Song by Elvis Costello and the Attractions

from the album Get Happy!!
- Released: 15 February 1980
- Recorded: October 1979
- Studio: Eden (London)
- Genre: New wave
- Length: 3:35
- Label: F-Beat (UK); Columbia (US);
- Songwriter(s): Elvis Costello
- Producer(s): Nick Lowe

= Riot Act (song) =

"Riot Act" is a song written by new wave musician Elvis Costello and performed by Costello and the Attractions for his 1980 album Get Happy!!. Costello wrote the song as a response to the controversy that had surrounded him in his professional and personal life, particularly relating to his incident in Columbus, Ohio. Recorded originally as a stripped-down acoustic demo, the song was fleshed out in the studio with the Attractions.

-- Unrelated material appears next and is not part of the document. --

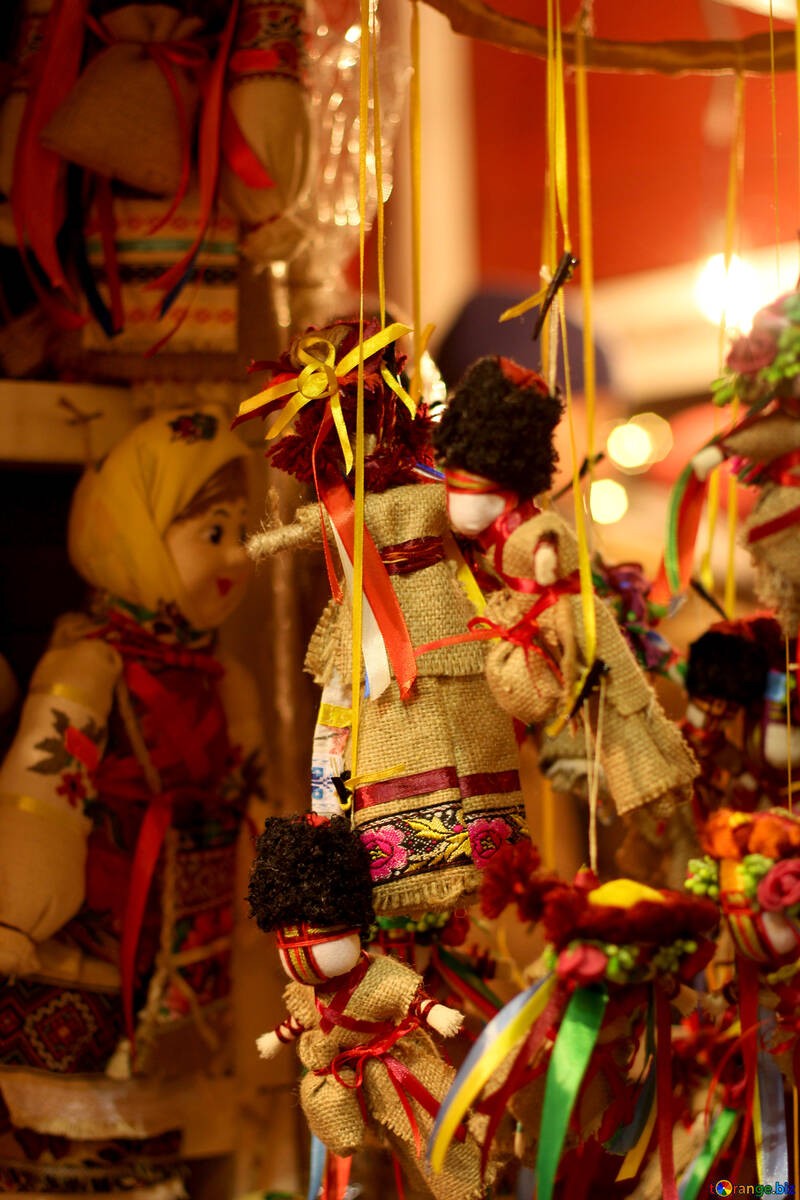 Una muñeca y regalos de navidad cintas decoraciones de marionetas presenta luces №53504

"Riot Act" was released on Get Happy!! as an album track and did not get released as a single. Since its release, the song has appeared on numerous compilations and has been praised by critics as a highlight from the Get Happy!! album.

==Background==
Elvis Costello wrote "Riot Act" partly in the aftermath of his infamous confrontation with Stephen Stills and Bonnie Bramlett in Columbus, Ohio, where he drunkenly referred to James Brown as a "jive-ass nigger" and Ray Charles as a "blind, ignorant nigger". The scandal severely jeopardized Costello's image, particularly in the United States. He has since referred to "Riot Act" as the only song that explicitly references the incident, particularly with his lyric "I got your letter, now they say I don't care for the colour it paints me". Costello commented in 1995, "It says exactly what I meant it to say. It was very truthful. I had to write it."

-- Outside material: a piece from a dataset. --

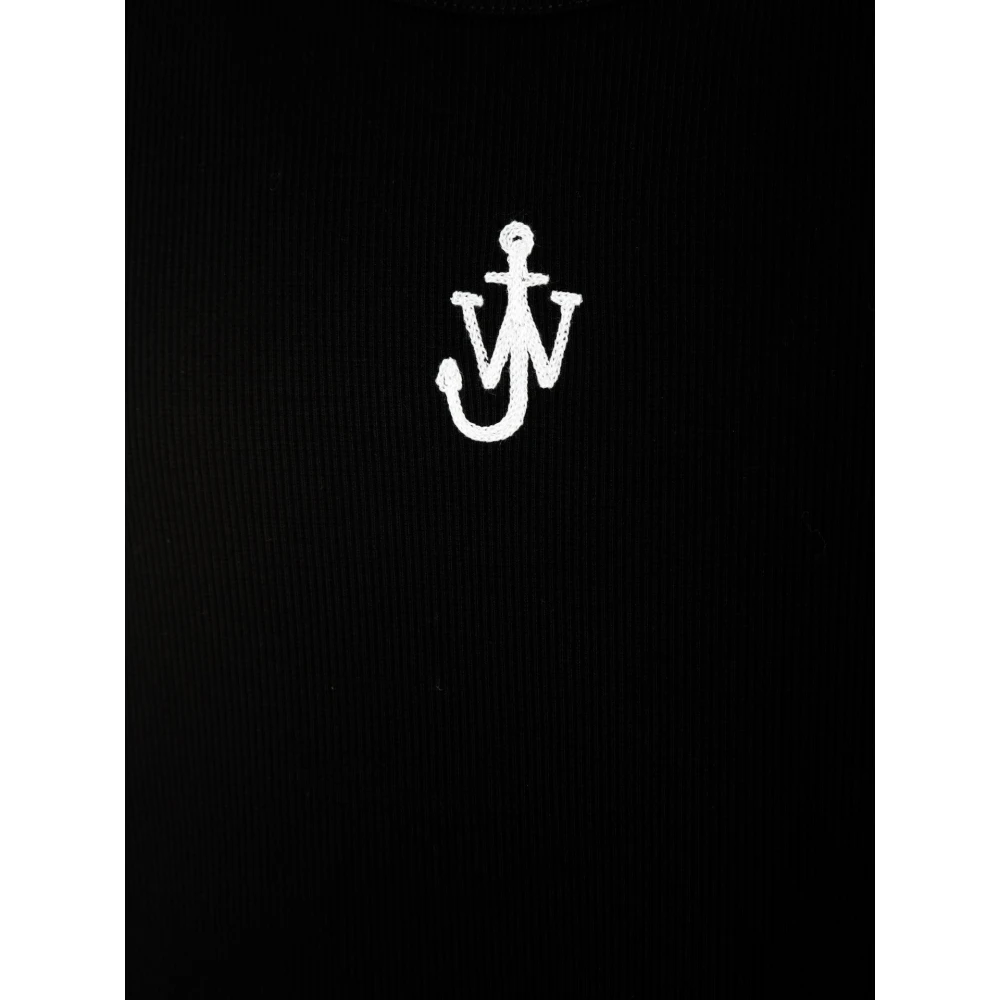 JW Anderson Anker Borduurwerk Tanktop Black Heren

Costello biographer Graeme Thomson speculated that the song's discontented lyrics also took inspiration from Costello's affair with model Bebe Buell. However, Costello has said his relationship with Buell was "of far less importance than people try to suggest."
Costello has said he began writing the song during a seaside holiday he took in the summer of 1978 with his then-estranged wife, Mary, in an unsuccessful attempt to reconcile their marriage.

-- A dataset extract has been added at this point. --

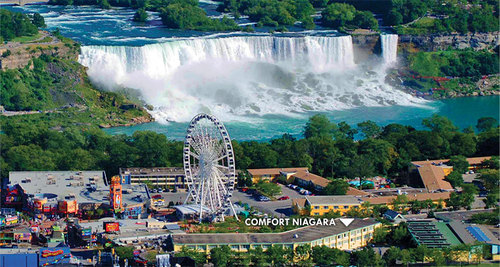 The Comfort Inn Clifton Hill - Niagara Falls Hotel is Niagara's premier AAA 3-diamond, family friendly hotel, located just 1 block to the Falls!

Costello recorded a demo of the song alongside several other Get Happy!! tracks at "a £15 per hour recording facility in Pimlico". Of these recordings, only the demo of "New Amsterdam" appeared on the final album. However, Costello has spoken positively of the demo (which has since appeared as a bonus track on later editions of the album), noting, "I think it has something that is missing from the final version".

==Release and reception==
"Riot Act" was released on Costello's fourth album, Get Happy!!, in 1980. The song was not released as a single. Since its initial release, "Riot Act" has appeared on multiple compilation albums, including Girls Girls Girls and The Very Best of Elvis Costello.

"Riot Act" has received critical acclaim and has been named by some critics as one of the highlights of Get Happy!!. Stephen Thomas Erlewine of AllMusic named the track one of the album's "full-fledged masterpieces", while the same site noted Costello's "passionate [vocal] performance that ratchets up the tension until the climax, where he's practically screaming into the microphone during the final chorus". Rolling Stone praised the track's sound as a "grim wasteland" and noted the song's mood as "sinister", particularly in contrast with the preceding track, a cover of "I Stand Accused".

Ultimate Classic Rock ranked the song fifth on their list of the best Elvis Costello songs, writing, Riot Act' closes it out on a slow but incredibly emotional note, especially when his voice breaks on the line 'Don't put your heart out on your sleeve / When your remarks are off the cuff' before going into the final chorus".

==Live performances==
"Riot Act" has intermittently appeared in Costello's live setlist since its release. The track was sometimes performed as part of a solo set unaccompanied by his band, as in Costello's 1984 tour for Goodbye Cruel World.